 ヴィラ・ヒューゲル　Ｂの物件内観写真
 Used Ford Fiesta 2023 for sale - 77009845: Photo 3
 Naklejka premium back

----------

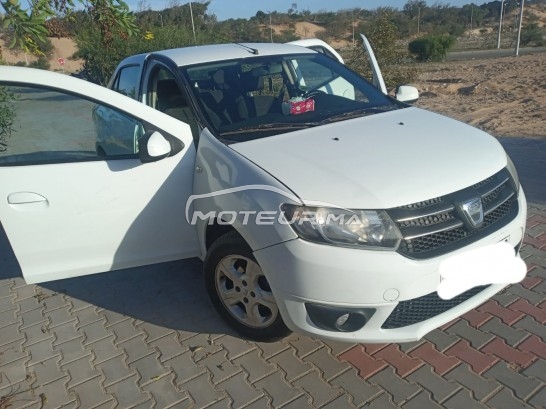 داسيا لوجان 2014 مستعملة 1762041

----------

Work item: Your answer must consist solely of the lines above between the line holding "ヴィラ・ヒューゲル　Ｂの物件内観写真" and the line holding "Naklejka premium back", inclusive, copied exactly.

Output of the task:
 ヴィラ・ヒューゲル　Ｂの物件内観写真
 Used Ford Fiesta 2023 for sale - 77009845: Photo 3
 Naklejka premium back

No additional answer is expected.